___ SUPPLIED DATA

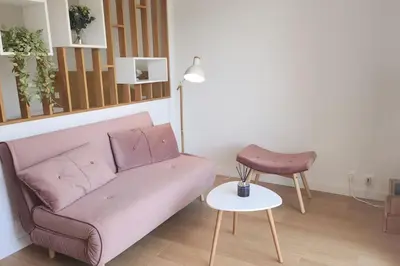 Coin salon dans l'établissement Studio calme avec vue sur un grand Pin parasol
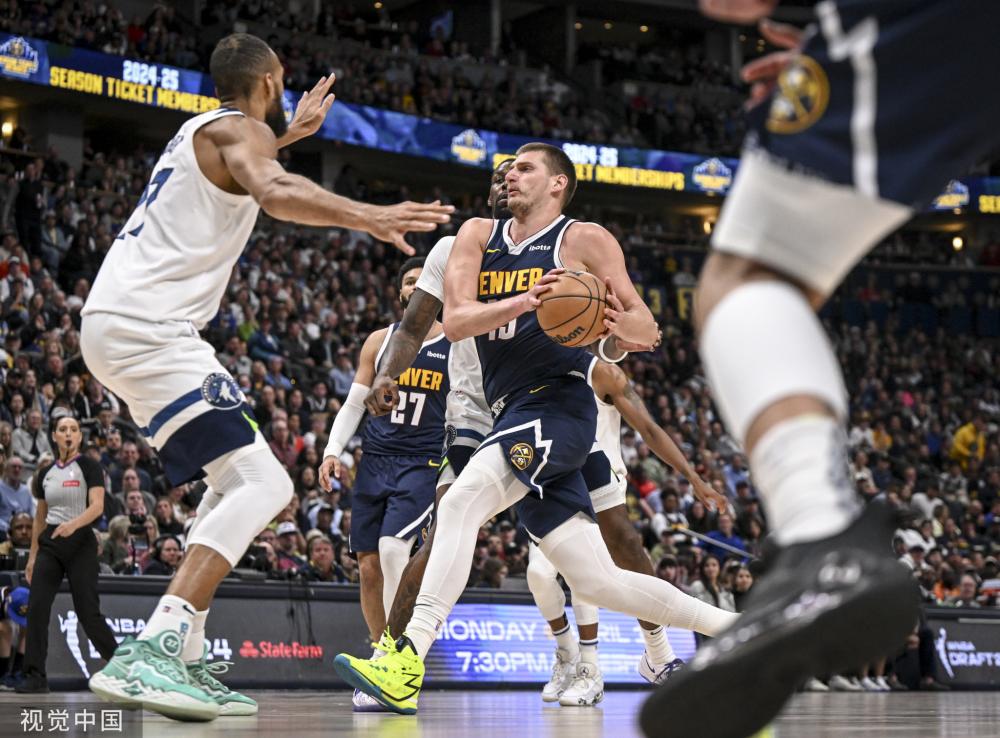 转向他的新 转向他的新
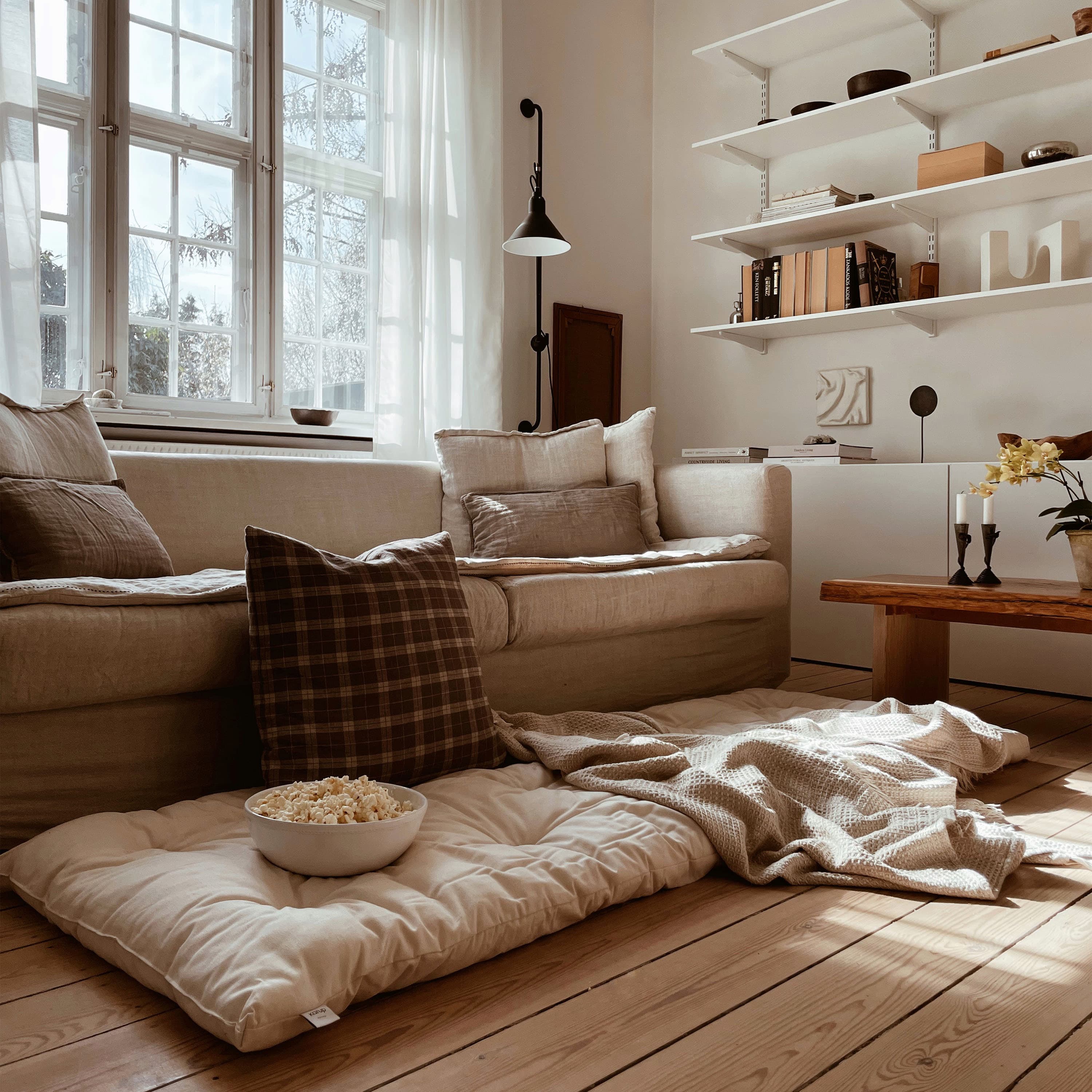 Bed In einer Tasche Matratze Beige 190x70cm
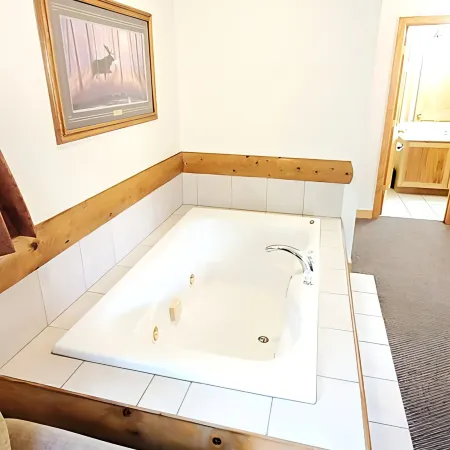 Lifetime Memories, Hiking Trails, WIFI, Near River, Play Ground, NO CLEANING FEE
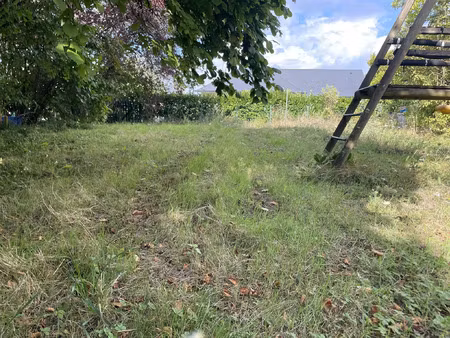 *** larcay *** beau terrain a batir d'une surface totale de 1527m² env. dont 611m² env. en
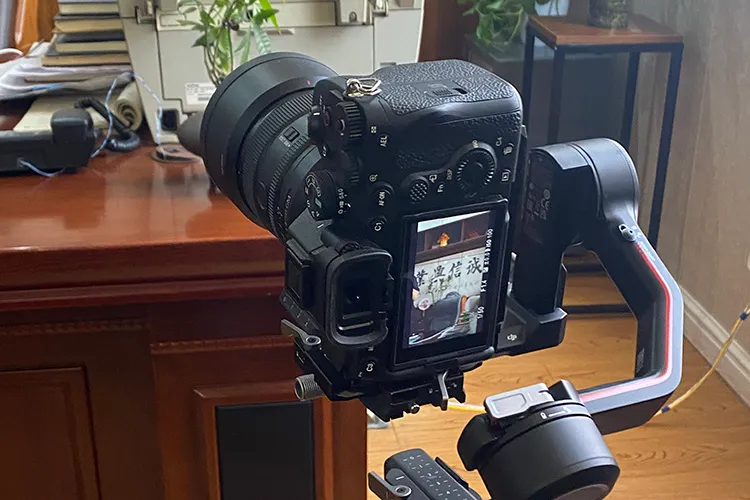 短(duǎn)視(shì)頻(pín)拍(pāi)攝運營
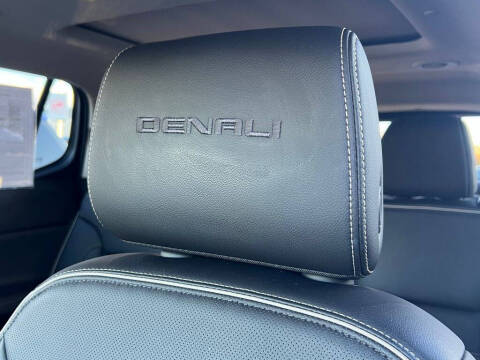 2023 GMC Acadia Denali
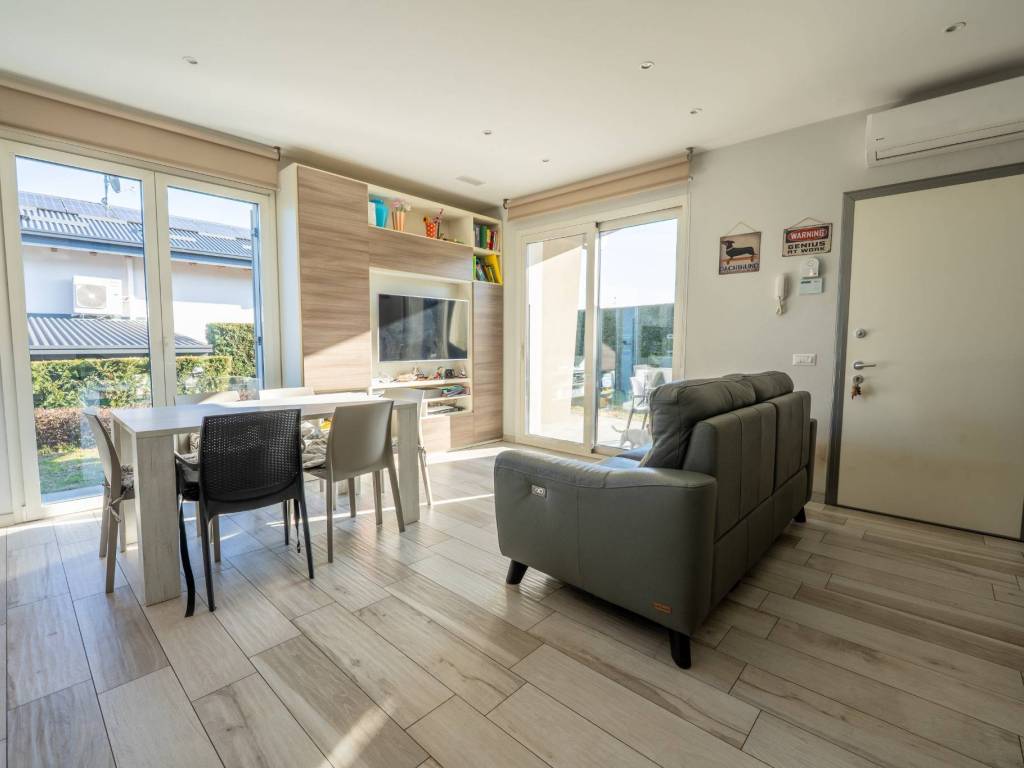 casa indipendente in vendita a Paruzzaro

______
___ SUPPLIED DATA

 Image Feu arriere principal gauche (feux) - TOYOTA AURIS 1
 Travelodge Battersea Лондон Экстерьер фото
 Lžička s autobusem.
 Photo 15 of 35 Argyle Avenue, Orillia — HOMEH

______

**YOUR GOAL**.
Your output should be the lines above from the one that contains "Bed In einer Tasche Matratze Beige 190x70cm" through the one that contains "casa indipendente in vendita a Paruzzaro", word for word, with pictures left out.

**SOLUTION**.
 Bed In einer Tasche Matratze Beige 190x70cm
 Lifetime Memories, Hiking Trails, WIFI, Near River, Play Ground, NO CLEANING FEE
 *** larcay *** beau terrain a batir d'une surface totale de 1527m² env. dont 611m² env. en
 短(duǎn)視(shì)頻(pín)拍(pāi)攝運營
 2023 GMC Acadia Denali
 casa indipendente in vendita a Paruzzaro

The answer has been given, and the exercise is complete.